販売データ活用の全体像

 

販売データ利用の始まりと進化

「販売データを活用して売上向上を目指す!」 この、せっかくの志と意気込みが、無残にも途中で行き詰ってしまった… このような経験をした人の話をよく聞きます。

とくにB2Bビジネスに携わる人たちから。

そして、行き詰った人達は言います。 「毎月売上内容を分析して、上層部にレポートを出しているが、ほとんど反応がない」 「BIツールを導入して、現場向けに利用法の勉強会も実施したが、全然使われていない」 「分析を進めているうちに、結局現在の販売データでは情報が不足していて活用が無理だと分った」 等々。

「データ活用」が叫ばれてから10年以上も経つのに、なぜこのようなことになるのでしょうか? もちろん、この問題の解決に向けた提言はこれまでにも数多く発信されています。

しかし多くの業種・業態があり、それぞれにビジネスの進め方も違う企業に対する提言は、どうしても一般的・抽象的な表現にならざるを得ないところがあります。

その結果「現状の問題点の整理」や「活用目的の明確化」など、難しそうな言葉が並ぶことになり、読み手の方も「どこから手を付けてよいか」考え込んでしまうようです。  

ここではB2Bビジネスに絞って、販売データを「顧客へのアクション」につなげ、「社内への定着」を目指した「具体策をまとめる」ことにチャレンジします。

これまでの体験や事例から、B2Bビジネスに共通するエキスの部分を抜き出して、データ活用の具体的な手順としてまとめていきます。

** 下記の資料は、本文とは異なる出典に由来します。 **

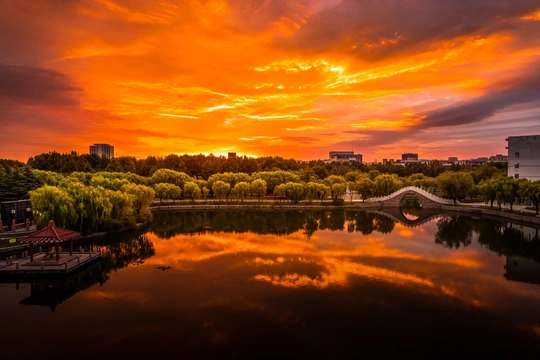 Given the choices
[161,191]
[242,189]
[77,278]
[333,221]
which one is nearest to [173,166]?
[161,191]

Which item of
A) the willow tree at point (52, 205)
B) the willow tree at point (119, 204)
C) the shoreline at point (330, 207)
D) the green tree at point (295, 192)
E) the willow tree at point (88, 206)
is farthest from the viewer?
the green tree at point (295, 192)

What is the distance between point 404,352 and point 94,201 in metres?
26.4

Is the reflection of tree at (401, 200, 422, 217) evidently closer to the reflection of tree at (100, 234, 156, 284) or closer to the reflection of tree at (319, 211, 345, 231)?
the reflection of tree at (319, 211, 345, 231)

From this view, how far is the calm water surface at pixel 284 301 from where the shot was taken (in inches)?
498

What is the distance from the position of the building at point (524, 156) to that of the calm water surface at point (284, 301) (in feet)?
84.9

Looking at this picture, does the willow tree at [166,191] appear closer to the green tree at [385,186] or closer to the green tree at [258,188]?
the green tree at [258,188]

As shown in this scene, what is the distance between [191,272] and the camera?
21.0 m

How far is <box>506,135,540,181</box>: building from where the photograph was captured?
49.6 meters

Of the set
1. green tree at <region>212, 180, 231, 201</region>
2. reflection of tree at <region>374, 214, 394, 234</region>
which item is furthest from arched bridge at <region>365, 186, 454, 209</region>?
green tree at <region>212, 180, 231, 201</region>

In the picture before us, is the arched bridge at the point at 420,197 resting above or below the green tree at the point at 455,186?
below

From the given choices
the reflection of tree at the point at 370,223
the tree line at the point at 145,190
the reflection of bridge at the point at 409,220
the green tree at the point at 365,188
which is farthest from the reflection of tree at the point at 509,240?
the green tree at the point at 365,188

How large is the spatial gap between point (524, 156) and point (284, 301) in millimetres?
50858

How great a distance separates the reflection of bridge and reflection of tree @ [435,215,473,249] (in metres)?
1.77

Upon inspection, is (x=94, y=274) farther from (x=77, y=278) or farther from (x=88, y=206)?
(x=88, y=206) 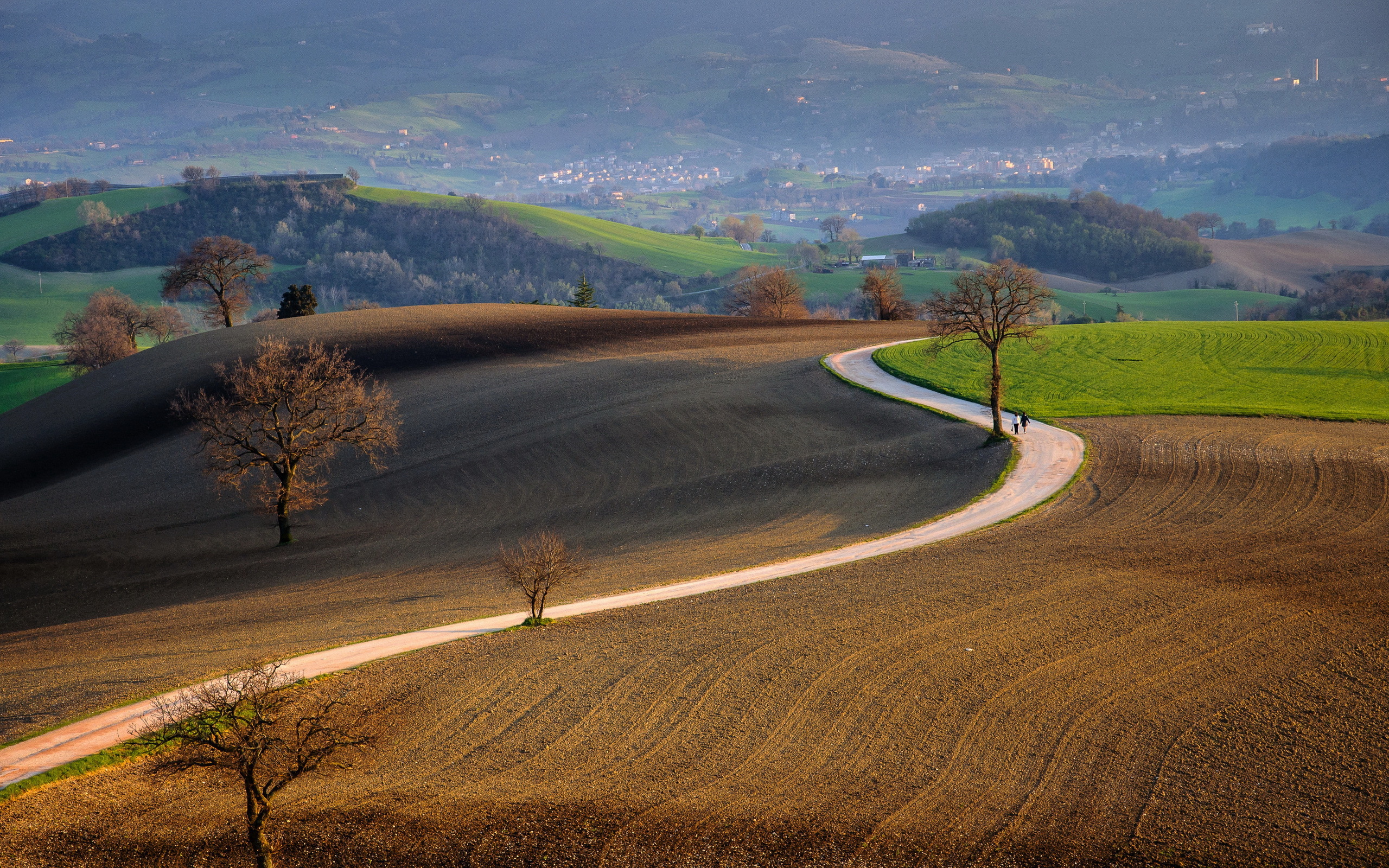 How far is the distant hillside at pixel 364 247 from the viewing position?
15362 centimetres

なお、B2CとB2Bビジネスの違いは本文でも述べますが、およそ次のように位置づけています。

・B2Cは「大衆」を相手にするもので、商品戦略のウエイトが大きく、顧客動向に見合った商品を選択し、訴求していく

・B2Bは「組織」を相手にするもので、顧客ごとに異なるニーズを探り、それにふさわしい解決策を提案していく このように考えるとB2Cでは、意思決定者(個人)への訴求方法は「商品陳列」や「ちらし」、「出版や放送などのメディアを使った宣伝」、「ネットによる情報発信」などが中心になります。

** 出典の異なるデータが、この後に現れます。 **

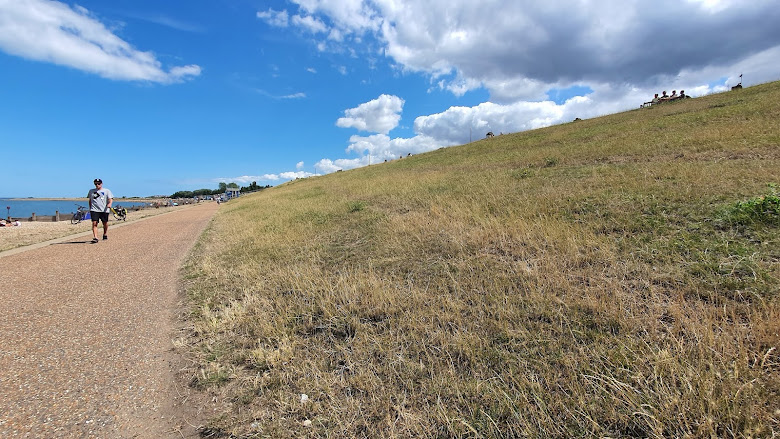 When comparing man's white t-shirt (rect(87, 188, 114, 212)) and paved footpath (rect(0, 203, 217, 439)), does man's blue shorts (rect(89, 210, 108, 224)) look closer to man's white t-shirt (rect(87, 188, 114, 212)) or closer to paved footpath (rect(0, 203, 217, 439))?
man's white t-shirt (rect(87, 188, 114, 212))

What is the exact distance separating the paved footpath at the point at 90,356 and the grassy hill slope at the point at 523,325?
360mm

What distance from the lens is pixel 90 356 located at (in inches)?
128

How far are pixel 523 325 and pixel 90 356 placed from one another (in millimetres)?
4600

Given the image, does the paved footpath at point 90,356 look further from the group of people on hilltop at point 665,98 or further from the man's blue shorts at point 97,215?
the group of people on hilltop at point 665,98

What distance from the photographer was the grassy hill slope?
205cm

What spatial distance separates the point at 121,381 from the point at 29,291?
4.55 metres

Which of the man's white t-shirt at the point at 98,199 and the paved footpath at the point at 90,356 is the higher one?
the man's white t-shirt at the point at 98,199

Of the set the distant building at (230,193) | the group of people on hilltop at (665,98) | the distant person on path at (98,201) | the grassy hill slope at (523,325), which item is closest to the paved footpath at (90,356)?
the grassy hill slope at (523,325)

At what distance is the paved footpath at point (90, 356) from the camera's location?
7.92ft

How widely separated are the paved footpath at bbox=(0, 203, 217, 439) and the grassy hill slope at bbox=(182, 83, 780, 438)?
0.36 m

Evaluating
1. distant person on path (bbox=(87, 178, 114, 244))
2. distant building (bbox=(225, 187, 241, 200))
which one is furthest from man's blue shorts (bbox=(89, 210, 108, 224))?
distant building (bbox=(225, 187, 241, 200))

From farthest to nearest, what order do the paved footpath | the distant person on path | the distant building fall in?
the distant building → the distant person on path → the paved footpath

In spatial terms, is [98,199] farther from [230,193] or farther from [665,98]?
[230,193]

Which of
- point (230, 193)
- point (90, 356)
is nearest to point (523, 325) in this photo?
point (90, 356) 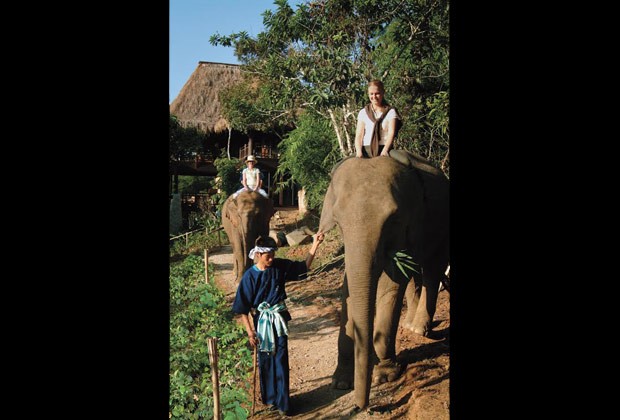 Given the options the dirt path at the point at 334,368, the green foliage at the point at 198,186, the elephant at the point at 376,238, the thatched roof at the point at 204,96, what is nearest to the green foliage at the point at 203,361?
the dirt path at the point at 334,368

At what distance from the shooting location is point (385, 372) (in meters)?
5.18

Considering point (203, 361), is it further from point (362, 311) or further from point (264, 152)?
point (264, 152)

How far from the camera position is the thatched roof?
21984mm

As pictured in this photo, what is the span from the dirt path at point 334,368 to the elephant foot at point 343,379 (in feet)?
0.23

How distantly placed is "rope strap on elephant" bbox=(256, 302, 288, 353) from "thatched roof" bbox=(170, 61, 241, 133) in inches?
683

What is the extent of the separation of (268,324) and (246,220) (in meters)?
4.82

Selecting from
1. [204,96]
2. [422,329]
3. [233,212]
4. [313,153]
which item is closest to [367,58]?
[313,153]

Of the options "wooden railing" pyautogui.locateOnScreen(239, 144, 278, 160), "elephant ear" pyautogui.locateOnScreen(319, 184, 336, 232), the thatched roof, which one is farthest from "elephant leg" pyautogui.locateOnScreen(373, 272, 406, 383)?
the thatched roof

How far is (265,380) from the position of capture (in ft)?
15.2

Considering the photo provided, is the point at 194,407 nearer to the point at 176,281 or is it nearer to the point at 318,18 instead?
the point at 176,281

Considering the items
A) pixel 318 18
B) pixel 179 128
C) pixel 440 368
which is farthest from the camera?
pixel 179 128

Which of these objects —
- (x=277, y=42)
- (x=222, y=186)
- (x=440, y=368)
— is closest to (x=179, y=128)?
(x=222, y=186)

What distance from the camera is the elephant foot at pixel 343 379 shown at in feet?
16.6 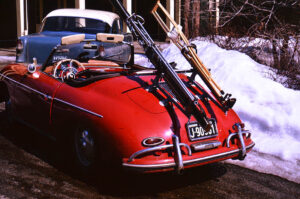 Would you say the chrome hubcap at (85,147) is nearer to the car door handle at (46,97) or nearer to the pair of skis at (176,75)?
the car door handle at (46,97)

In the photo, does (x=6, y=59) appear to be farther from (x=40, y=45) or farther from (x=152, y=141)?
(x=152, y=141)

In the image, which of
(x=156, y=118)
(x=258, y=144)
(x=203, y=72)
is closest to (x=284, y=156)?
(x=258, y=144)

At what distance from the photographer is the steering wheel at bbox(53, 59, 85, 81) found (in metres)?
4.99

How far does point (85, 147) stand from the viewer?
4.40 metres

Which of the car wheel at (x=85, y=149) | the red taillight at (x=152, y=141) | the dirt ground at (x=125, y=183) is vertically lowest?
the dirt ground at (x=125, y=183)

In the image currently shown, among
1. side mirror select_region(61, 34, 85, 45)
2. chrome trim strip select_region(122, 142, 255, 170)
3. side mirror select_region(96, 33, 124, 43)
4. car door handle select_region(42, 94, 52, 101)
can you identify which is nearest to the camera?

そしてこの種のビジネスでは、売上データの分析は「統計手法を用いた商品と顧客の動向分析」が主体になるでしょう。  

一方B2Bでは、顧客の意思決定までのプロセスは複雑で、かつ複数の人間が関与していることが多く、さらに顧客ごとに競合するライバル企業も存在します。

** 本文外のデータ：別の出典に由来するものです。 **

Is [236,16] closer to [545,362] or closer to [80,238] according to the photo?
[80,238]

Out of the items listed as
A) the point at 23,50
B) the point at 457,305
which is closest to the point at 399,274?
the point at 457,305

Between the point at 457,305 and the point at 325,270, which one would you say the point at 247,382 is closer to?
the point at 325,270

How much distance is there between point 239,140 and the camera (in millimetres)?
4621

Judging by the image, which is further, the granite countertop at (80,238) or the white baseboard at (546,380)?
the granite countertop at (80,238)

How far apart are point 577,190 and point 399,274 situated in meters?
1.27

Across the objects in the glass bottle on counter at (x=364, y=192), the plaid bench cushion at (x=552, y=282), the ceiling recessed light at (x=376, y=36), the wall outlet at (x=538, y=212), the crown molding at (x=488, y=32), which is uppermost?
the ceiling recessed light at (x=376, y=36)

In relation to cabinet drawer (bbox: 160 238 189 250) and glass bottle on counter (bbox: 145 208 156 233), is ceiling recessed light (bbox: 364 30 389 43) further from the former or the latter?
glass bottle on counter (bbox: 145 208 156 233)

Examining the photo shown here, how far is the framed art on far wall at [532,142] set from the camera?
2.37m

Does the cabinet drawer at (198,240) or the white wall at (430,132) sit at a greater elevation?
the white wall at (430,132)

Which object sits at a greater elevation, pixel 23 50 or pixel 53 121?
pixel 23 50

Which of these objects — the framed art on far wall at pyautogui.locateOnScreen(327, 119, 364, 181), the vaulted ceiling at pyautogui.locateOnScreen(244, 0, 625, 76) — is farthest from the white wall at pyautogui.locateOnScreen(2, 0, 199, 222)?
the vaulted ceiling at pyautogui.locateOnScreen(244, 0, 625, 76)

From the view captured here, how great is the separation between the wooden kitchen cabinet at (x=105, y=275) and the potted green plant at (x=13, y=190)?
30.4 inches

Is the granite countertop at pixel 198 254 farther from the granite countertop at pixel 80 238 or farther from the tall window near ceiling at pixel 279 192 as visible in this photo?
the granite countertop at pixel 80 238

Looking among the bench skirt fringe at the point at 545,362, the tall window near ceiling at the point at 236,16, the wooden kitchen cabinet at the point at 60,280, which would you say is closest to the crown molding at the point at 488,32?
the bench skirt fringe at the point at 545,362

そのためB2Bビジネスの商談にあたっては、担当営業部員の情報収集と、それに対応するアクションが成否を左右することになり、その「競争の結果」が売上データに現れることになります。

従って売上データの分析は、収集した情報と「読み」もプラスして顧客ごとに分析を行い、効果的なアクションに結び付けることで実績アップにつながります。  

さて前述したように、ここではこのB2Bビジネスでのデータ活用について考えていきます。 B2Bの現場で直接アクションを起こすのは営業部員ですが、その後ろには企業戦略を決断する経営者、営業部門を率いるマネージャ、全体の実務を支援するスタッフ部門が付いています。

従ってデータ分析はそれぞれの立場の人々のニーズに応えるものであり、みんなの連携を助けるものでなくてはなりません。

これを踏まえてここでは、「B2Bビジネスにおける販売データ活用の全体像」を、筆者の経験と事例をもとに展開します。 実はここでは分析手法の話はあまり出てきません。

それよりも、戦略策定から営業活動までのプロセスで、「誰が、どんな情報をもとに、どう動けば競争に勝てるのか」を考えていただきたいからです。

その中で、日常業務に溶け込むデータ活用の形を見出していただければと願うものです。 ここで述べることには多くの「手順」が含まれています。

そして、「この中で到達目標を思い描くことができれば、データ活用のスタートはどの手順からでもよいのではないか」と考えています。